■ **Exercise aim**
Omit the pictures. Transcribe exactly the lines below, from the one with "6631 NW 43rd Terrace, Boca Raton, FL 33496" up to and including the last.

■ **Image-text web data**

Segment Open

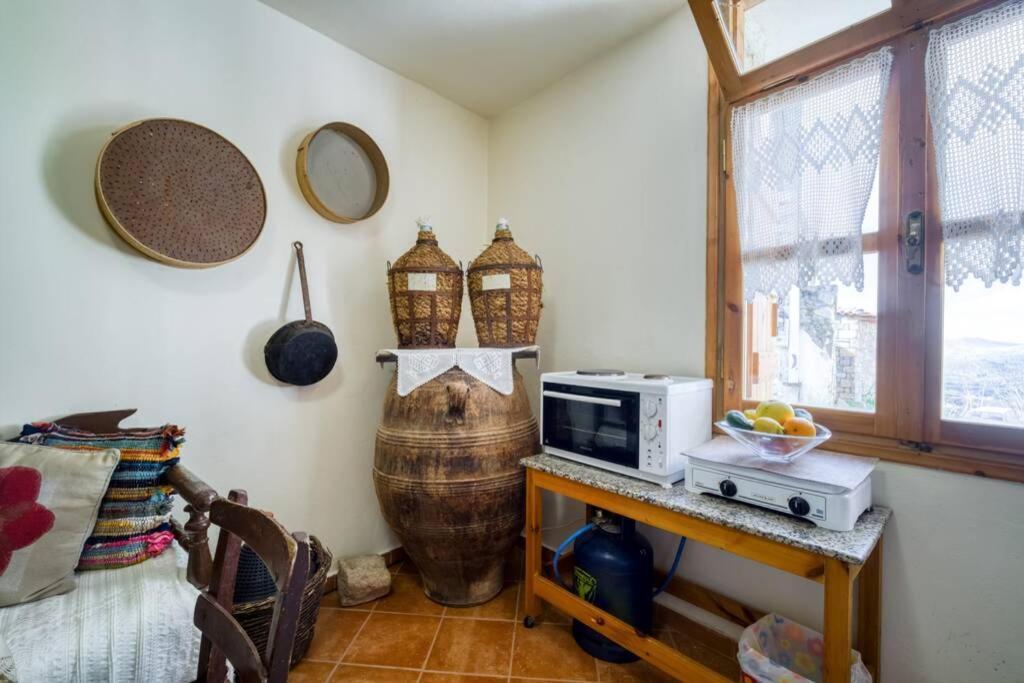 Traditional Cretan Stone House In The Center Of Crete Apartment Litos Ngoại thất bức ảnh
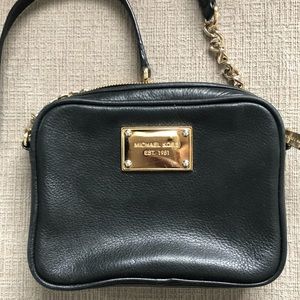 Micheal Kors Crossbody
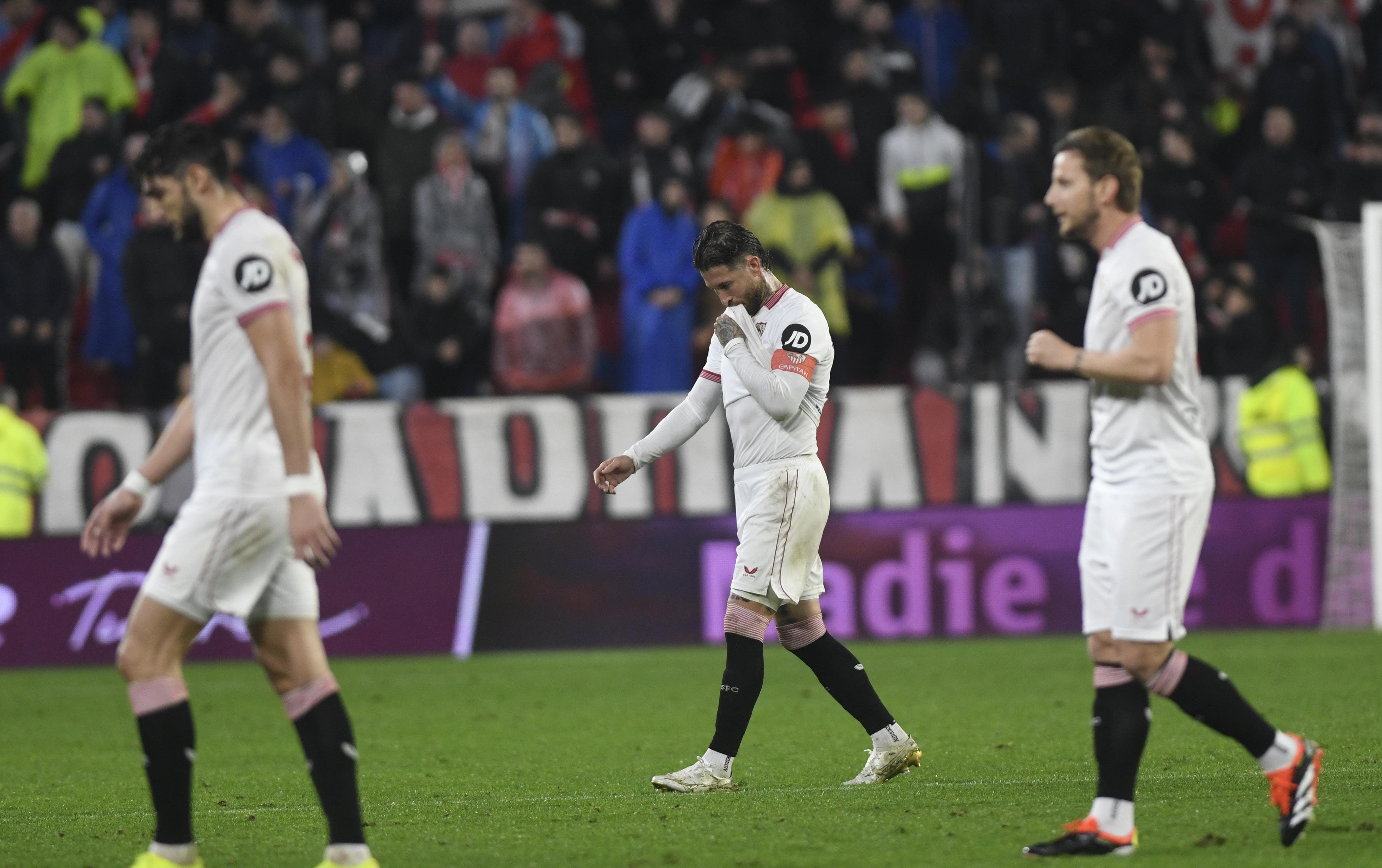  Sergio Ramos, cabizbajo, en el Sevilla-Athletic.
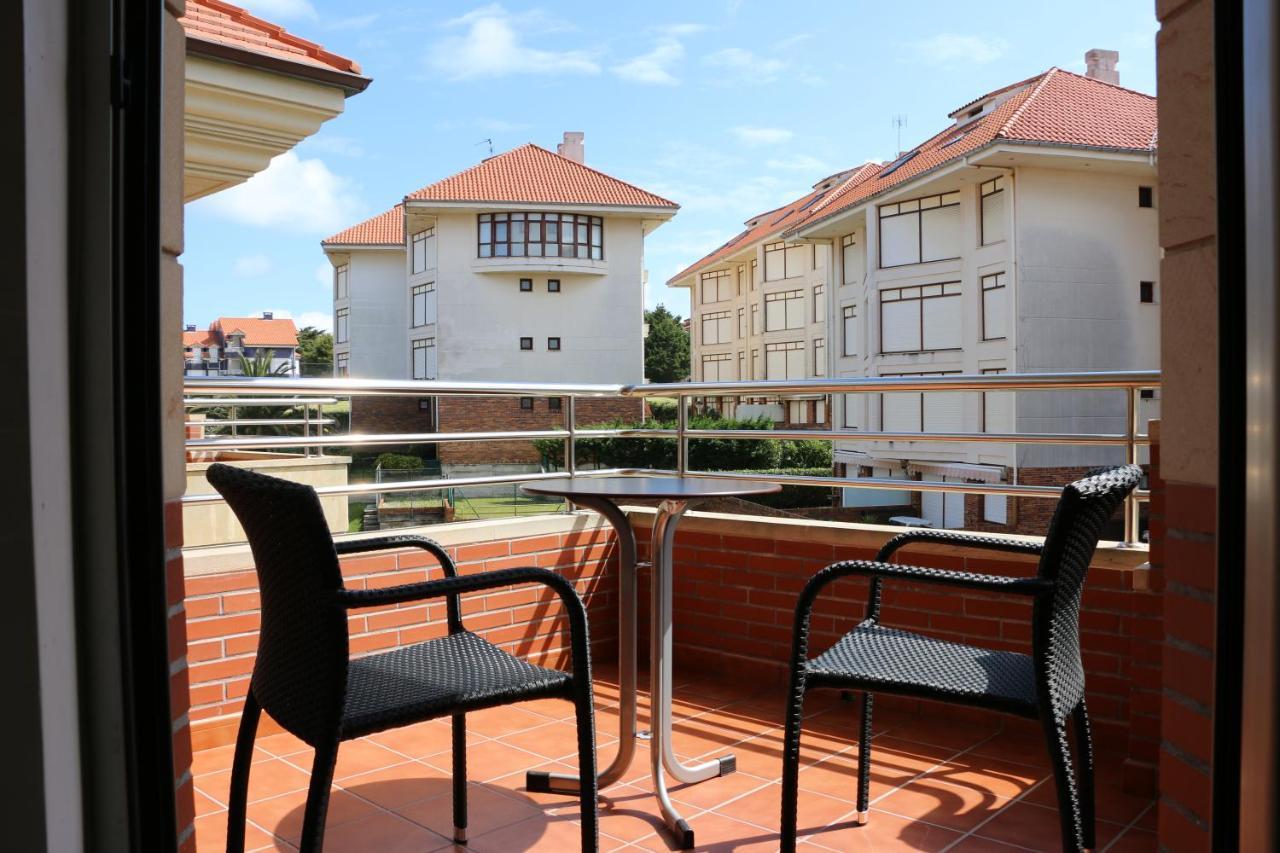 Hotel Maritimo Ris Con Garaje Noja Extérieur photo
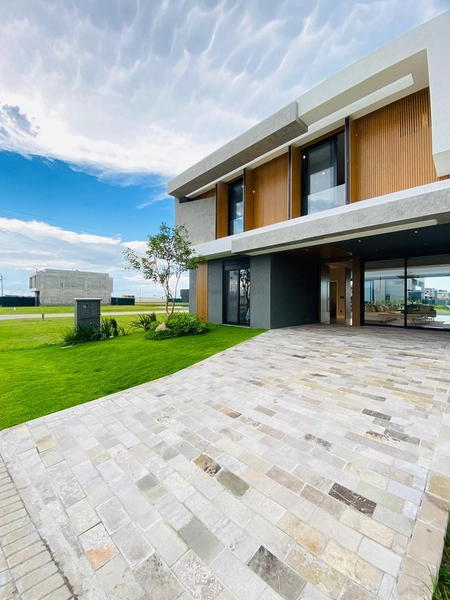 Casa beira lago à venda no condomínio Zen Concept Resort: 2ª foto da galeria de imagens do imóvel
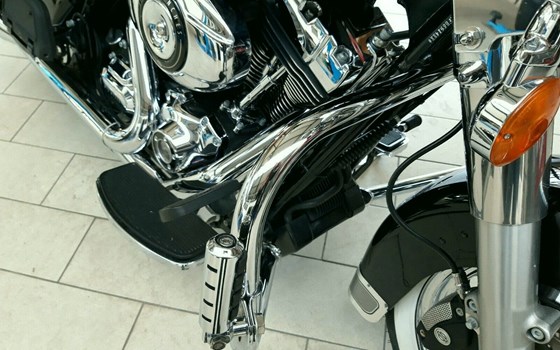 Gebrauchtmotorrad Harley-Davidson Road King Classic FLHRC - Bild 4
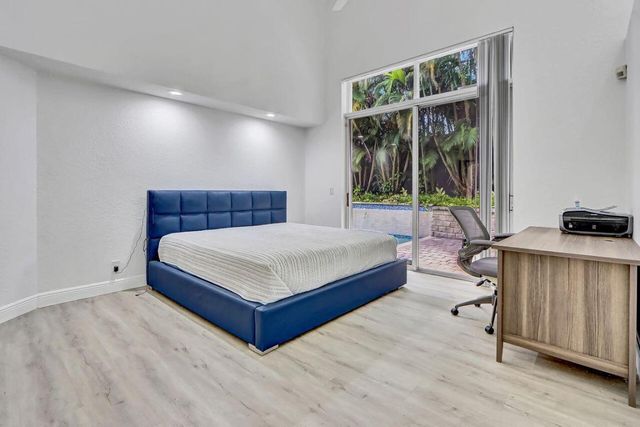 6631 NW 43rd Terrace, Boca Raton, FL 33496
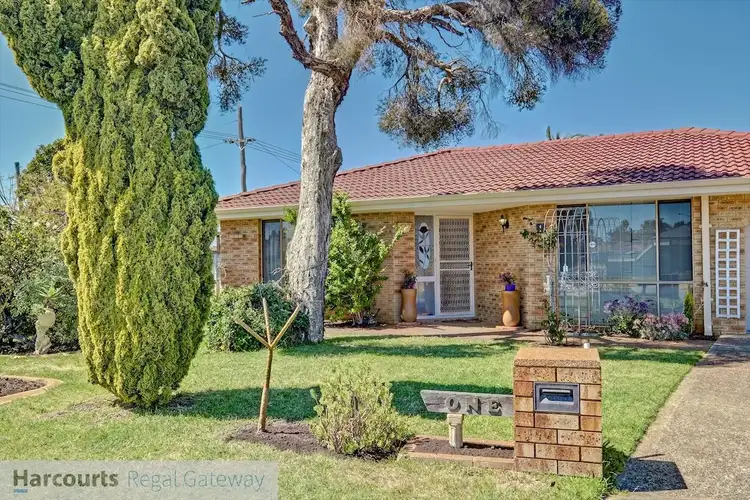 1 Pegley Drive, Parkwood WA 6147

Segment Closed

■ **Expected answer**
 6631 NW 43rd Terrace, Boca Raton, FL 33496
 1 Pegley Drive, Parkwood WA 6147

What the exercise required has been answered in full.